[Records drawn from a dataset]
────────────────

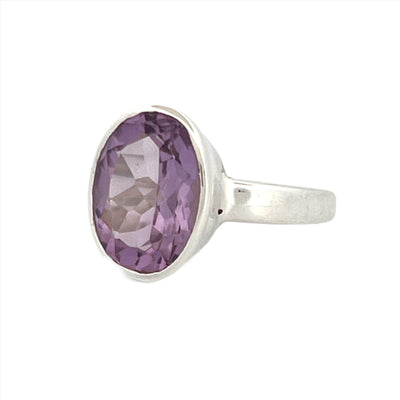 Sterling Silver Faceted Oval Amethyst Ring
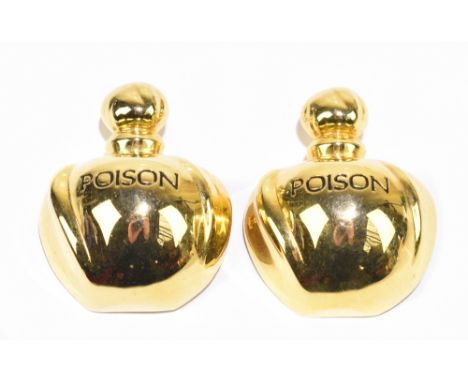 CHRISTIAN DIOR; two vintage 1980s gold tone miniature Poison perfume bottle brooches, both signed to the back, length 4.5cm (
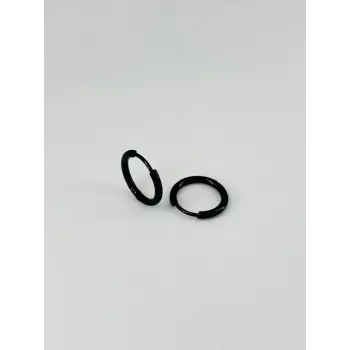 Siyah  Çelik Erkek Küpe Çap (12 Mm) Kalınlık (2 Mm) - Ekp0033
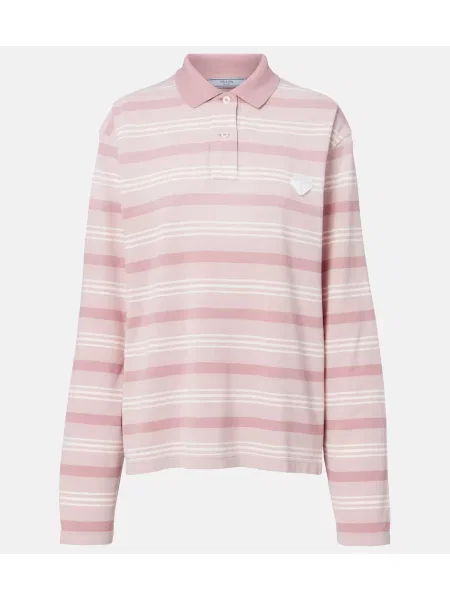 Polo Prada w paski różowe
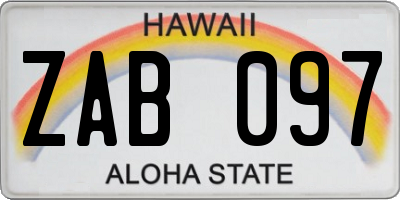HI license plate ZAB097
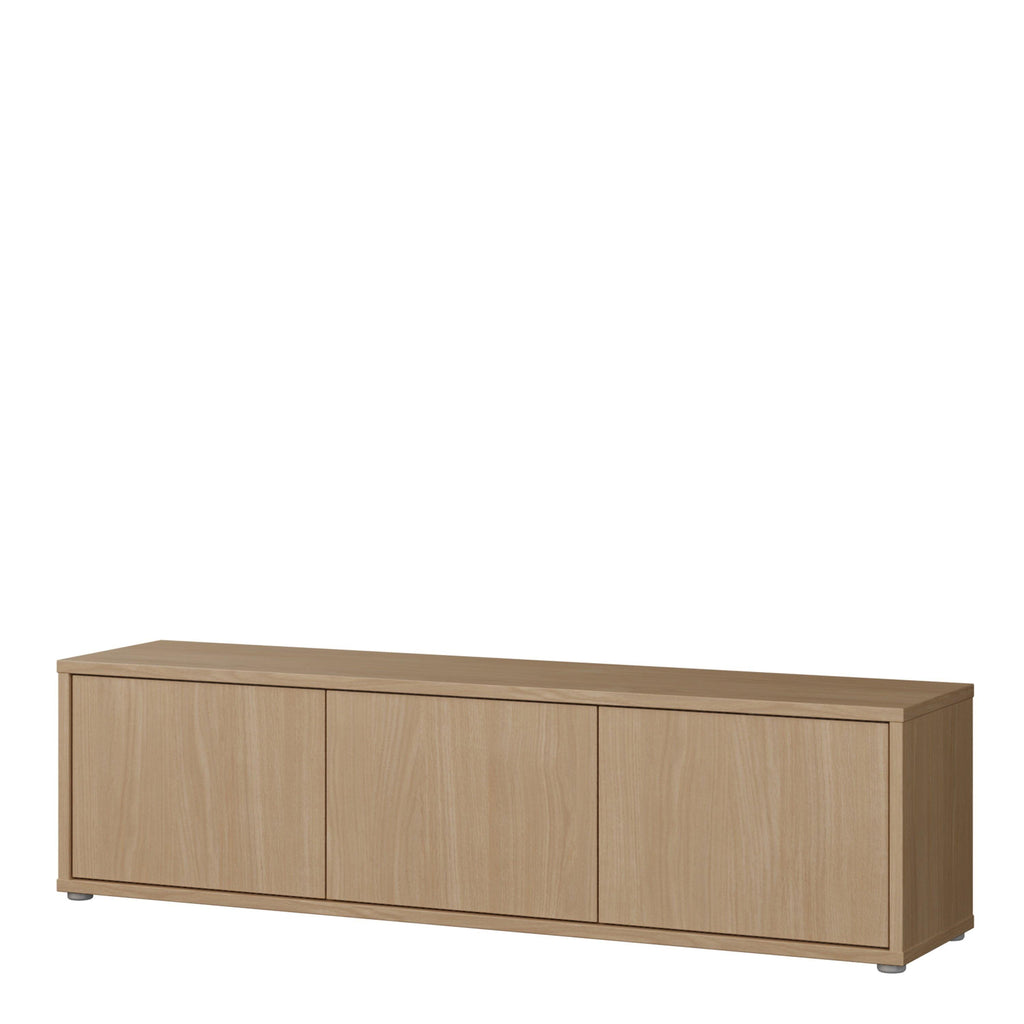 Alice Springs Wide TV Cabinet with 3 Doors Push-to-Open in Elegancia Oak - image 3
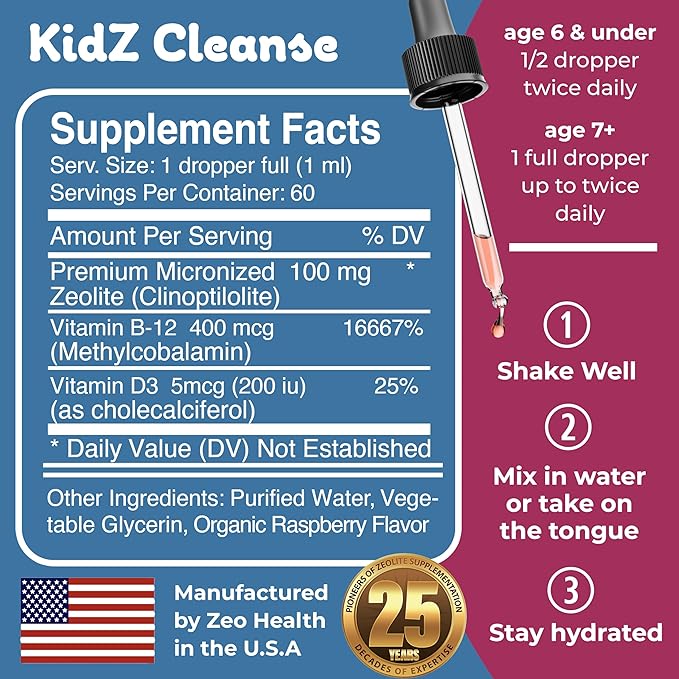 Kidz Cleanse | Zeolite Detox for Kids | Development, Behavior, Energy and Gut Health Support Supplement | Easy to Take, Pure Liquid Zeolite Drops + Methyl B12 + D3 (Orange Flavor) - 2oz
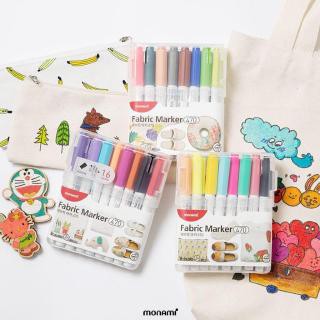 MONAMI FABRIC MARKER 470 Brush ชุด ปากกาเขียนผ้า เพ้นเสื้อ เพ้นกระเป๋า หมึกติดทนแม้ผ่านการซัก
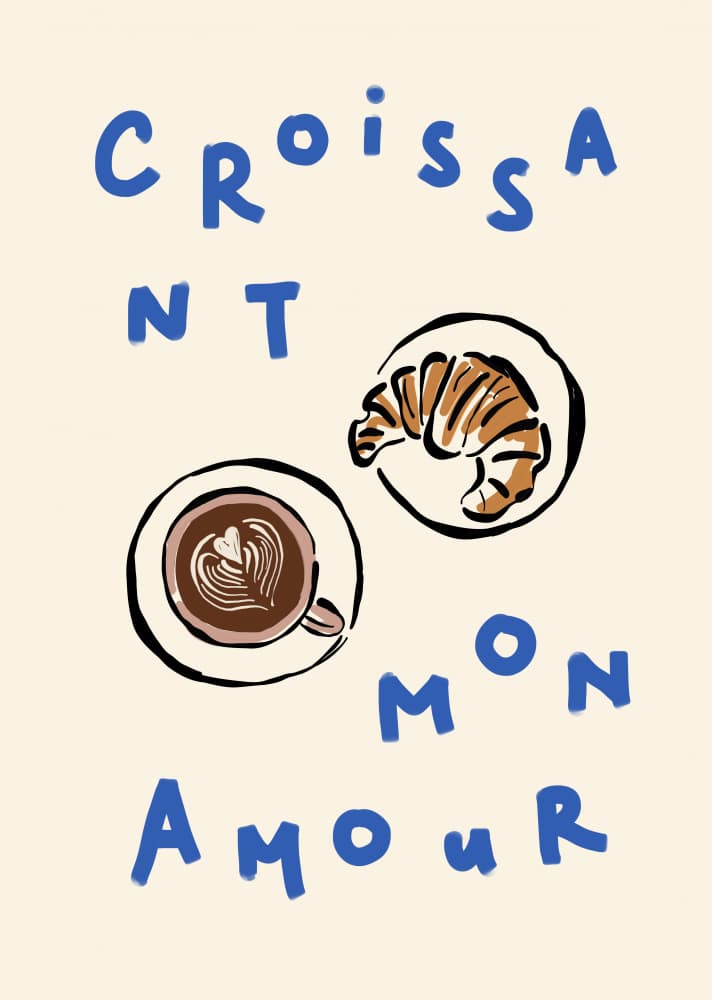 Croissant Mon Amour by Rio Soléy — canvas wall art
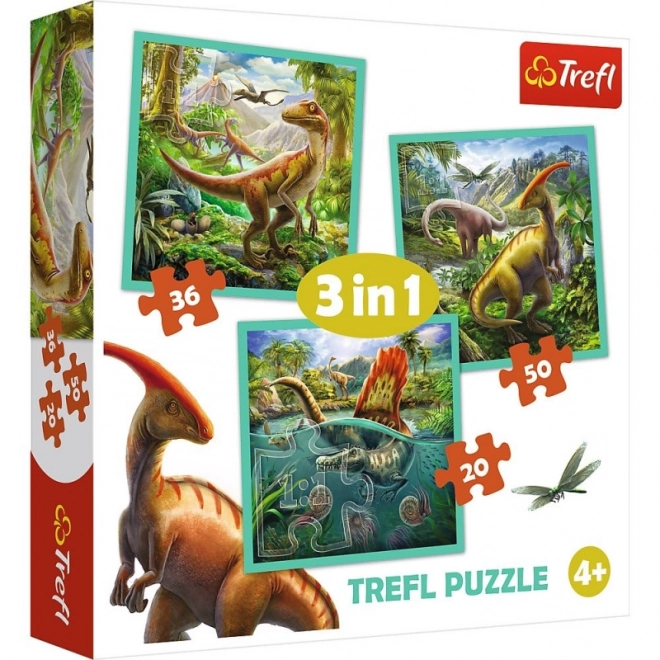 Puzzle 3w1 – Niesamowity świat dinozaurów TREFL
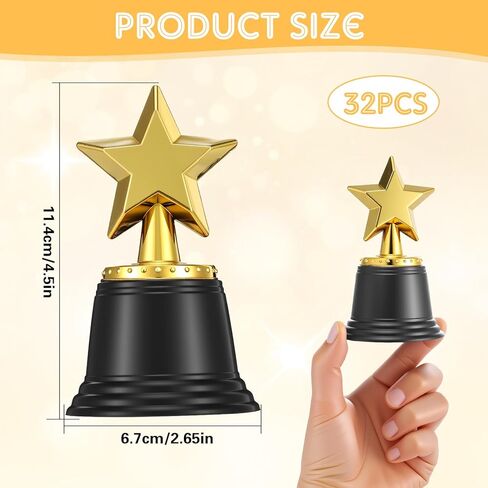 32 Pack Mini Gold Star Trophy Awards, 4.5 Inch Bulk Plastic Trophies for Party Favors, Learning Rewards, Sports Prizes, and Recognition Gifts (Gold) in Saudi Arabia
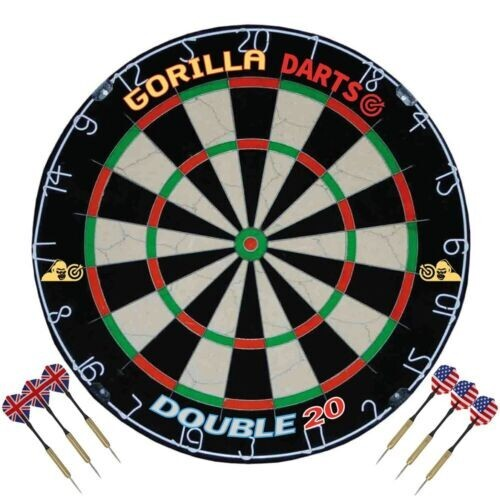 Gorilla Darts Set Double 20 Dartboard & Arrow Pro Tripod Stand 2
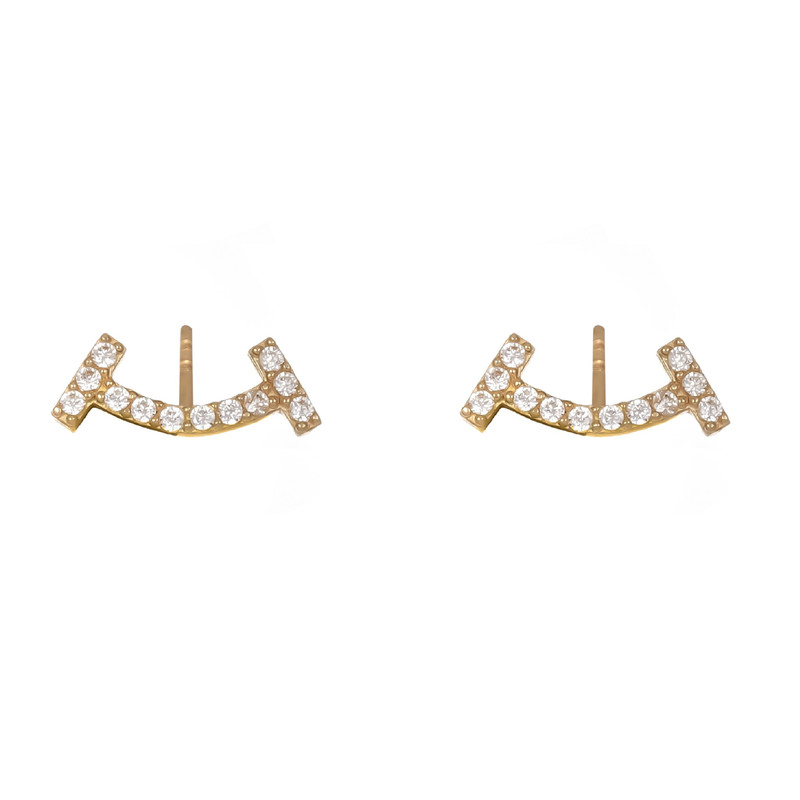 گوشواره طلا 18 عیار زنانه جواهری حقانی مدل مینیمال تیفانی کد tku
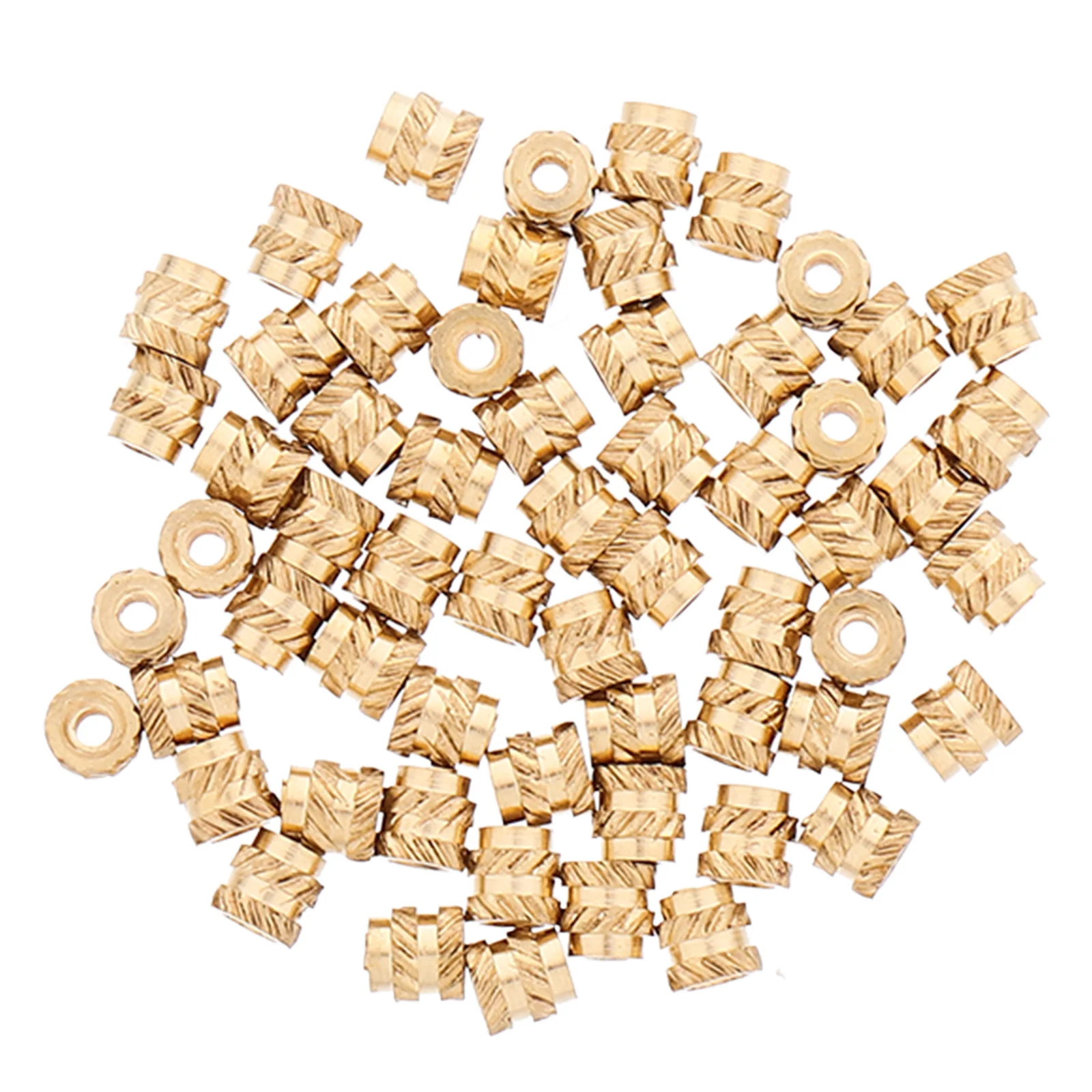 

60Pcs Brass Knurled Insert Nuts Double Helical Serrations Embedded Installation for Wood Plastic 3D Printing Threaded Brass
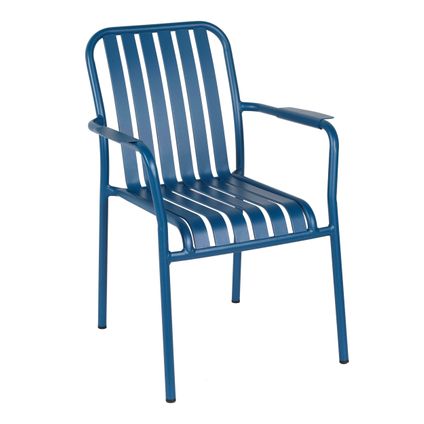 Chaise de terrasse avec accoudoirs en aluminium Oviala Faro bleu foncé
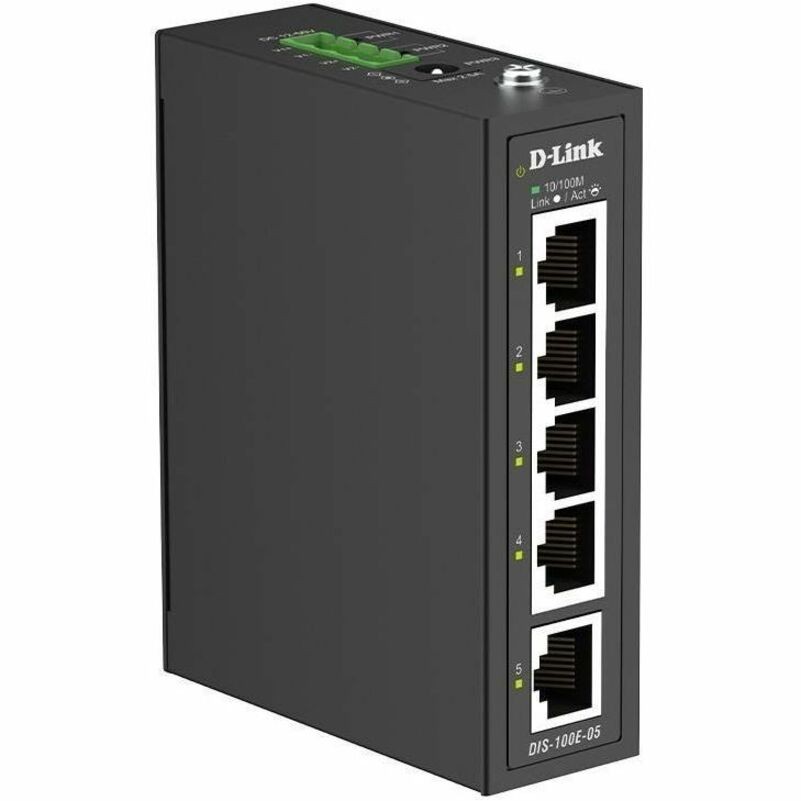 D-LINK 5P INDUSTRIAL SWITCH WITH 5 10/100BASE-T PORTS, DIN RAIL MOUNTABLE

────────────────

What is needed is an exact copy of all the entries above, minus the pictures.

 Sterling Silver Faceted Oval Amethyst Ring
 CHRISTIAN DIOR; two vintage 1980s gold tone miniature Poison perfume bottle brooches, both signed to the back, length 4.5cm (
 Siyah  Çelik Erkek Küpe Çap (12 Mm) Kalınlık (2 Mm) - Ekp0033
 Polo Prada w paski różowe
HI license plate ZAB097
 Alice Springs Wide TV Cabinet with 3 Doors Push-to-Open in Elegancia Oak - image 3
 Kidz Cleanse | Zeolite Detox for Kids | Development, Behavior, Energy and Gut Health Support Supplement | Easy to Take, Pure Liquid Zeolite Drops + Methyl B12 + D3 (Orange Flavor) - 2oz
 MONAMI FABRIC MARKER 470 Brush ชุด ปากกาเขียนผ้า เพ้นเสื้อ เพ้นกระเป๋า หมึกติดทนแม้ผ่านการซัก
 Croissant Mon Amour by Rio Soléy — canvas wall art
 Puzzle 3w1 – Niesamowity świat dinozaurów TREFL
 32 Pack Mini Gold Star Trophy Awards, 4.5 Inch Bulk Plastic Trophies for Party Favors, Learning Rewards, Sports Prizes, and Recognition Gifts (Gold) in Saudi Arabia
 Gorilla Darts Set Double 20 Dartboard & Arrow Pro Tripod Stand 2
 گوشواره طلا 18 عیار زنانه جواهری حقانی مدل مینیمال تیفانی کد tku

60Pcs Brass Knurled Insert Nuts Double Helical Serrations Embedded Installation for Wood Plastic 3D Printing Threaded Brass
 Chaise de terrasse avec accoudoirs en aluminium Oviala Faro bleu foncé
 D-LINK 5P INDUSTRIAL SWITCH WITH 5 10/100BASE-T PORTS, DIN RAIL MOUNTABLE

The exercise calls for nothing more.